Politicians are lucky that voters’ memories are short. If they were longer, they might remember the Conservatives’ commitment in 2010 to eliminate the deficit by 2015 (which it didn’t meet), and another it made after re-election in 2015 (which it abandoned). What is more important (at least on election day) is that the Conservative Party have maintained the impression of fiscal responsibility. They may not have been meeting their targets, but they’re trying —or so the thinking goes.

The last decade’s political battles on the economy have left the Conservatives open to the charge of hypocrisy. Having employed the same Keynesian methods of borrowing to shore up the economy as the Brown Government did in the aftermath of the financial crisis, how the Conservative government explains its reasons for doing the same twelve years later will be especially revealing. With tax receipts for April down by 26.5% on the same month a year earlier, it is clear that the pandemic will leave Britain’s finances with a gaping hole, and one that will be with us for at least a generation. The question is: is Britain in line for another round of austerity and budget cuts of the kind we’ve become used to since 2010? And if not, why not?

There are many in the party who are reluctant to replay the austerity strategy that has characterised the Conservative approach to the economy since the financial crisis.
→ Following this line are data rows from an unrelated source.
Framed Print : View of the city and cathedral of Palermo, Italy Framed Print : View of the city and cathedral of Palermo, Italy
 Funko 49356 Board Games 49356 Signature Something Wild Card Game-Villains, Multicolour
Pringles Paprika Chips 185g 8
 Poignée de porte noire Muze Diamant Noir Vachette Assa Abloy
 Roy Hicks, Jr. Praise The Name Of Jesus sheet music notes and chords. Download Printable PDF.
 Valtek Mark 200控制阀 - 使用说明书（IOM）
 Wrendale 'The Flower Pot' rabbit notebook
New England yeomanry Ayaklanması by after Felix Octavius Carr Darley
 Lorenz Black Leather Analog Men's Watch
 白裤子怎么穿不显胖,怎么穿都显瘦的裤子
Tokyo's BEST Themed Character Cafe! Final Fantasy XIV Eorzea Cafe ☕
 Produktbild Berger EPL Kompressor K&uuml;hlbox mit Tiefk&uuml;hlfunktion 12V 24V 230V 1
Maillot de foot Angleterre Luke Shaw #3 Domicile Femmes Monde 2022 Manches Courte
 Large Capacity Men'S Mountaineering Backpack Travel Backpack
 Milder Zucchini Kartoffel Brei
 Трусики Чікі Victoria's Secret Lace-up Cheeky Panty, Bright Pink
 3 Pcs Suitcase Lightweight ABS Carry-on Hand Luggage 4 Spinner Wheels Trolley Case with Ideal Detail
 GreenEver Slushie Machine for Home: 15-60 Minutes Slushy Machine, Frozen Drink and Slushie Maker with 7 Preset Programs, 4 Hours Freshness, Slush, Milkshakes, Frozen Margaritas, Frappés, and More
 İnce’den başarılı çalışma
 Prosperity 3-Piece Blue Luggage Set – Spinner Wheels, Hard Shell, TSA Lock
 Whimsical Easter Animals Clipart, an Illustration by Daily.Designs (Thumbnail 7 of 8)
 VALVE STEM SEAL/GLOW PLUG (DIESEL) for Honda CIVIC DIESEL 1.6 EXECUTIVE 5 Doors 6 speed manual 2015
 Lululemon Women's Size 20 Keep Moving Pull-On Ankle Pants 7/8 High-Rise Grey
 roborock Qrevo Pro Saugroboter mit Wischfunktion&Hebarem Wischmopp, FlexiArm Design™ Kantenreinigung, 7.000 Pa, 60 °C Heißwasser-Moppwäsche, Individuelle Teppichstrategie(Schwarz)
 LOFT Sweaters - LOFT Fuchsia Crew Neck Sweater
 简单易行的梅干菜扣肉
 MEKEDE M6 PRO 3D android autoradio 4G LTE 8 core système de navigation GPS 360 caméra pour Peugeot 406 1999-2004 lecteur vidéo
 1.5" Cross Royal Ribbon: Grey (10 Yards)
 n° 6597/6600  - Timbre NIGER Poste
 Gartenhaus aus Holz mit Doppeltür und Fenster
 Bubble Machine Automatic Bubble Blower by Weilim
Former Brexit Secretary, David Davis, has said he would be happy to see the debt “paid off over 50 years,” calling another attempt at austerity a “bonkers idea,” and there is plenty of historical precedent for a longer-term payment plan. It took over six decades for Britain to pay back loans it took out with the United States and Canada following World War Two, and nearly two hundred for taxpayers to pay off debts accrued when the Government paid compensation to slave owners in 1833. How much did the slave owner’s compensation total? Just over £300bn in today’s money—almost identical to this year’s record-breaking borrowing estimate from the Office for Budget Responsibility.

If a debt accrued compensating those who owned other human beings like cattle can be paid off over two hundred years, why not the cost of a global pandemic? Self-appointed level-heads will explain that it is not that simple, as they always do. But those at the sharp end of another round of austerity will inevitably ask: why not?

Peddlers of fast debt-reduction in the years to come (particularly those in the Conservative Party) will have to look these arguments in the face and explain how borrowing record sums to protect the economy is good, but staggering debt repayment to protect the economy is bad. To many voters, millions of whom are already exhausted by years of budget-tightening, any attempt to place the coronavirus debt on the shoulders of those who had to live through it will not only look gratuitous, but cruel.

After a decade in Government, but less than a year into Boris Johnson’s time as Prime Minister, the Conservatives are discovering the difficulty of running an administration that straddles not only two eras, but two kinds of economic thinking. When the dust fades on the coronavirus pandemic, the party will be left with a choice. Revert to type and the kind of reasoning that made debt and deficit reduction the holy grail, or embrace a more pragmatic approach, and accept that borrowing to invest can be useful when faced with generation-defining problems. Should they choose the latter, we can be sure the Labour Party will have plenty to say about it.